Le Pape a prononcé cette prière au pied des reliques des frères mineurs conventuels polonais Michal Tomaszek et Zbigniew Strzalkowski, tués au Pérou en août 1991 par les guérilleros du Sentier lumineux, et proclamés bienheureux récemment.
Les religions veulent la paix
En toile de fond : l’assassinat du père Jacques Hamel, par deux jeunes islamiste dans son église, et les divers attentats commis à travers le monde. “N’ayons pas peur de dire cette vérité : le monde est en guerre car il a perdu la paix”, avait exhorté le Pape dans le trajet le conduisant de Rome à Cracovie, le 27 juillet dernier. Et “quand je parle de guerre, je parle sérieusement de guerre, pas de guerre de religions ! Toutes les religions veulent la paix et, les guerres, ce sont les autres qui les veulent”, avait-il expliqué aux journalistes en fustigeant “les guerres d’intérêts, les guerres d’argent, les guerres pour dominer un peuple ou de disputer les ressources naturelles”.
Et c’est le message qu’il lancera à la “génération selfie” : “Le monde vous regarde, ça suffit de vous regarder le nombril, de vous noyer dans l’univers des jeux vidéo ou de passer des heures devant un ordinateur… Ne vous laissez pas voler votre liberté, ou anesthésier votre âme, ne cédez pas à la peur et au repli sur soi, à la paralysie, aux fausses illusions, ou au succès à tout prix … Laissez plutôt une empreinte dans l’Histoire en bâtissant des ponts et en allant à la rencontre de vos frères”, les a-t-il exhortés tout au long des JMJ.
Appel aux jeunes à être plus forts que le mal
Jusqu’à l’ultime appel au million de jeunes venu assister à la dernière messe sur le campus Misericordiae de Cracovie : “Soyez plus forts que le mal, en aimant tout le monde, y compris vos ennemis.
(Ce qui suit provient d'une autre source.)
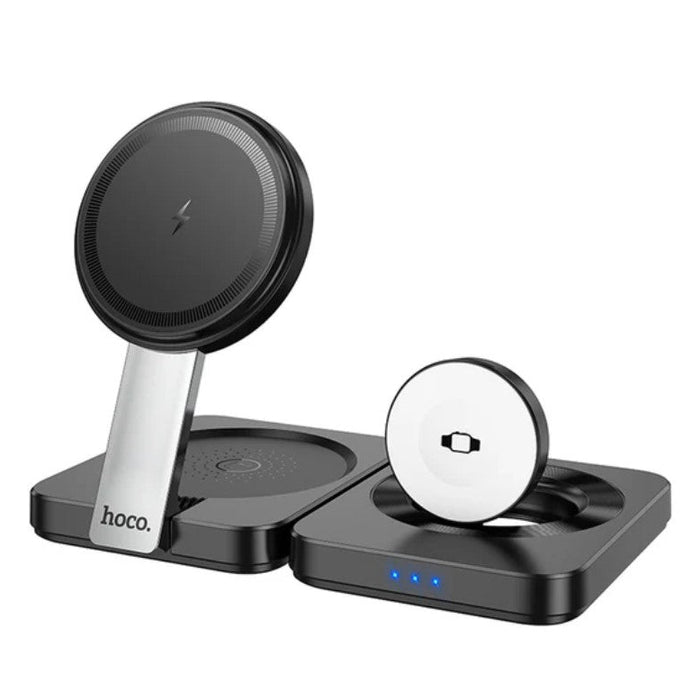 Nexus 15W 3-in-1 Magnetic Wireless Fast Charger w Foldable Design - Black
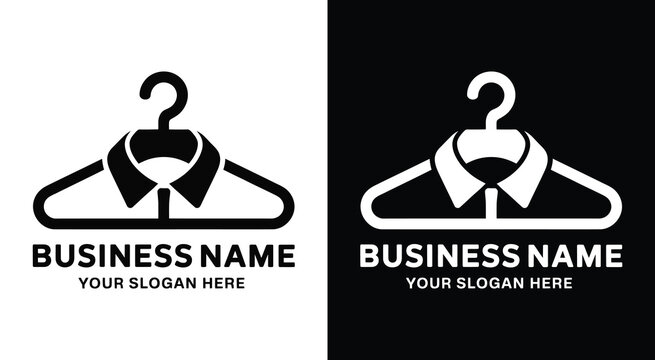 Hanger Shirt Logo Bold Black Fashion for Clothing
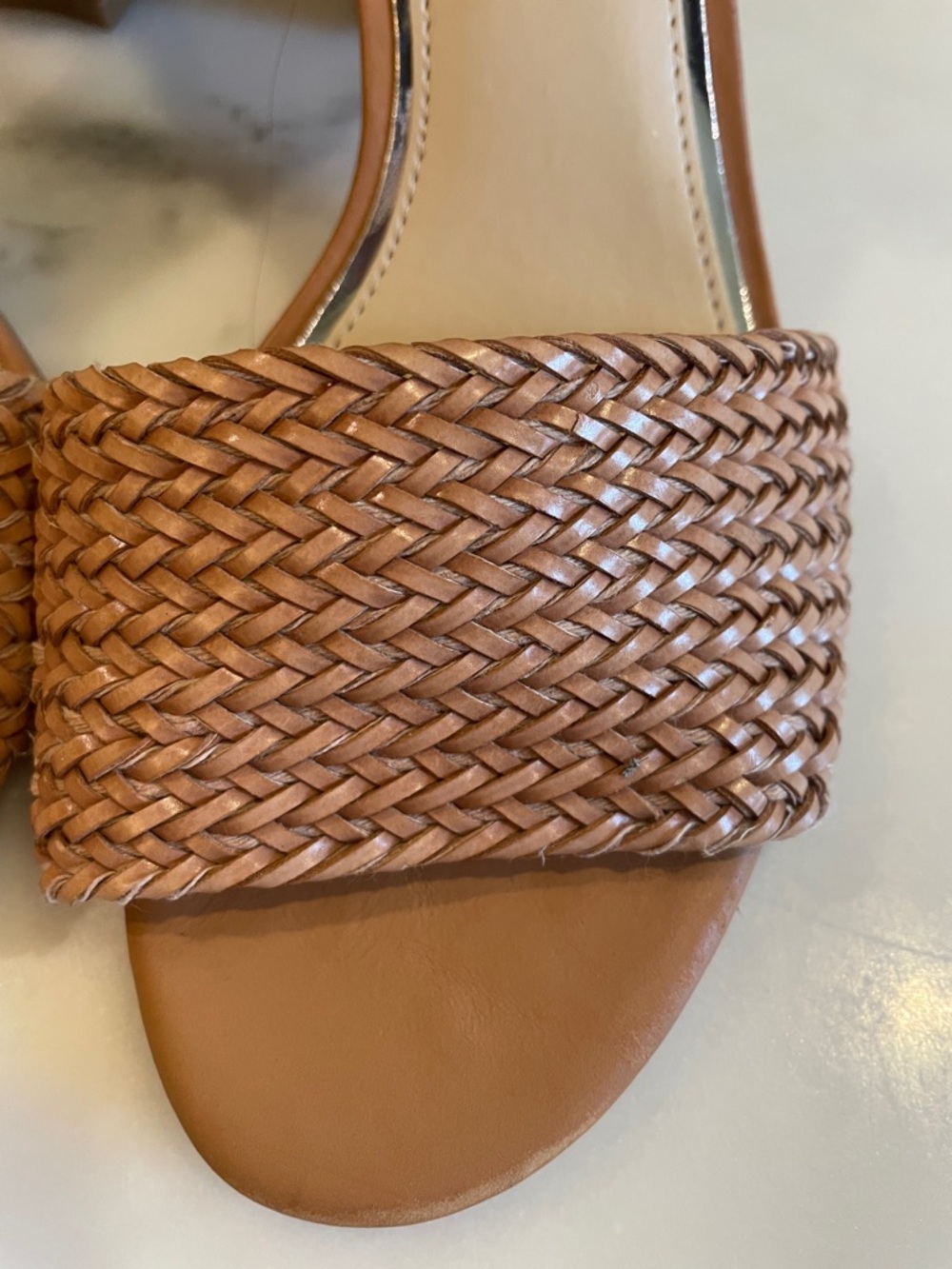 Jessica Simpson Sherron4 in Woven Ankle-Strap Heels, Size 9 - Picture 8 of 10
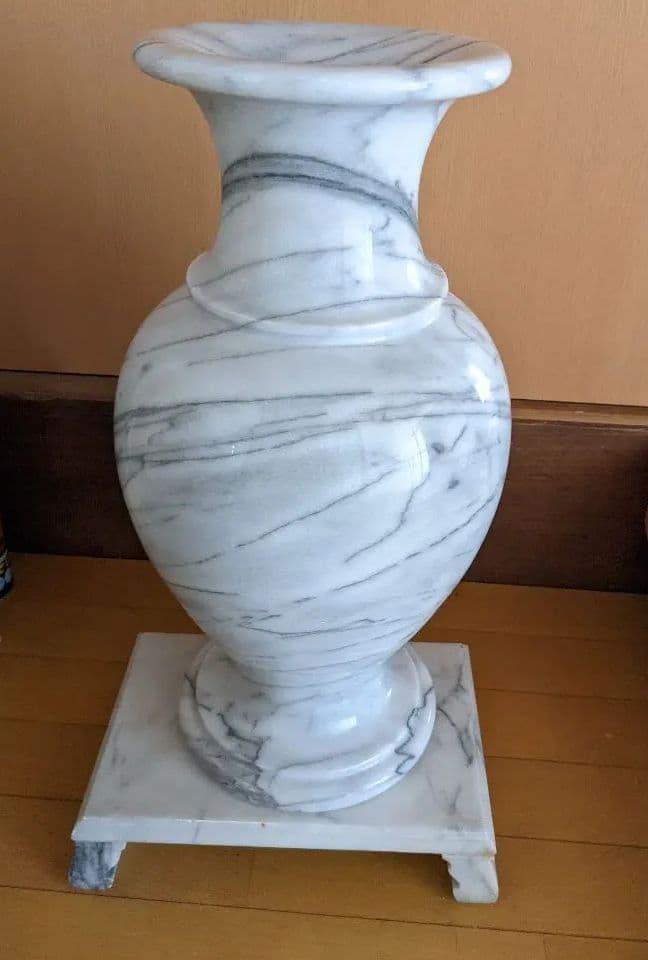 最終値下げ　大理石オニキスの大きな花瓶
Certains riront de vous et vous traiteront de rêveurs parce que vous croyez en une humanité autre que celle que nous vivons, qui n’accepte pas la haine entre les peuples, ne voit pas les frontières des pays comme des barrières et conserve ses traditions sans égoïsmes et ressentiments… Ne perdez pas courage… En prêchant l’espérance, vous êtes une bénédiction pour l’unique famille humaine”.
“Jeunes, sortez du confort de vos canapés” et “mettez vos chaussures à crampons” car “notre époque n’accepte que des joueurs de terrain, il n’y a pas de place pour les réservistes”, les avait encouragés le Saint-Père pendant la veillée de prière, le 30 juillet au soir. La réponse à ce monde en guerre, a-t-il ajouté, a un nom : “Elle s’appelle fraternité, elle s’appelle lien fraternel, elle s’appelle communion, elle s’appelle famille”.